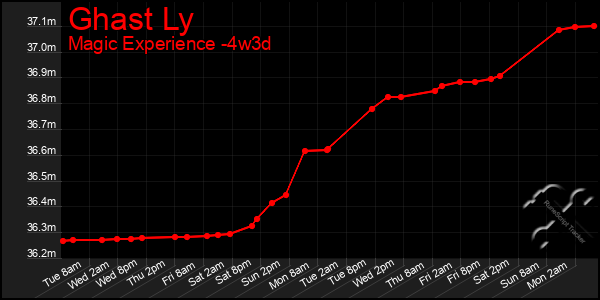 Last 31 Days Graph of Ghast Ly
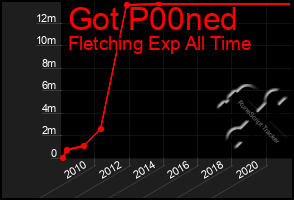 Total Graph of Got P00ned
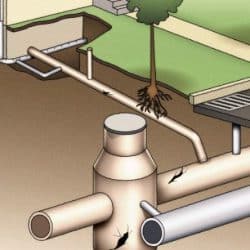 Inflow and Infiltration - Detectronic - Wastewater Network Monitoring ...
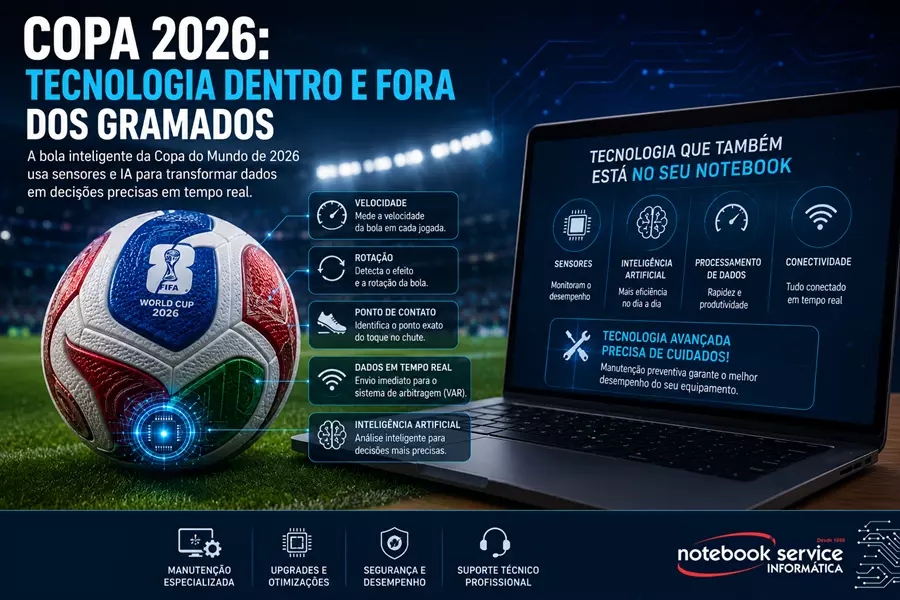 Como a Tecnologia da Bola da Copa de 2026 Mostra o Futuro dos Dispositivos Inteligentes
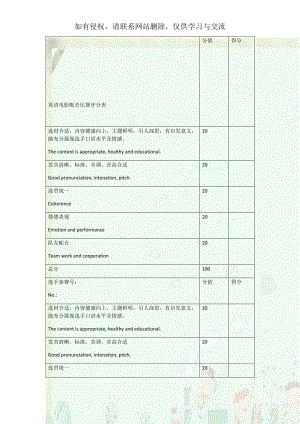 英语电影配音比赛评分表.doc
──────
• **PROBLEM TO SOLVE**
Return the lines exactly, from the one containing "Inflow and Infiltration" through the last line above, including both ends and excluding every picture.

• **SOLUTION TO THIS TASK**
 Inflow and Infiltration - Detectronic - Wastewater Network Monitoring ...
 Como a Tecnologia da Bola da Copa de 2026 Mostra o Futuro dos Dispositivos Inteligentes
 英语电影配音比赛评分表.doc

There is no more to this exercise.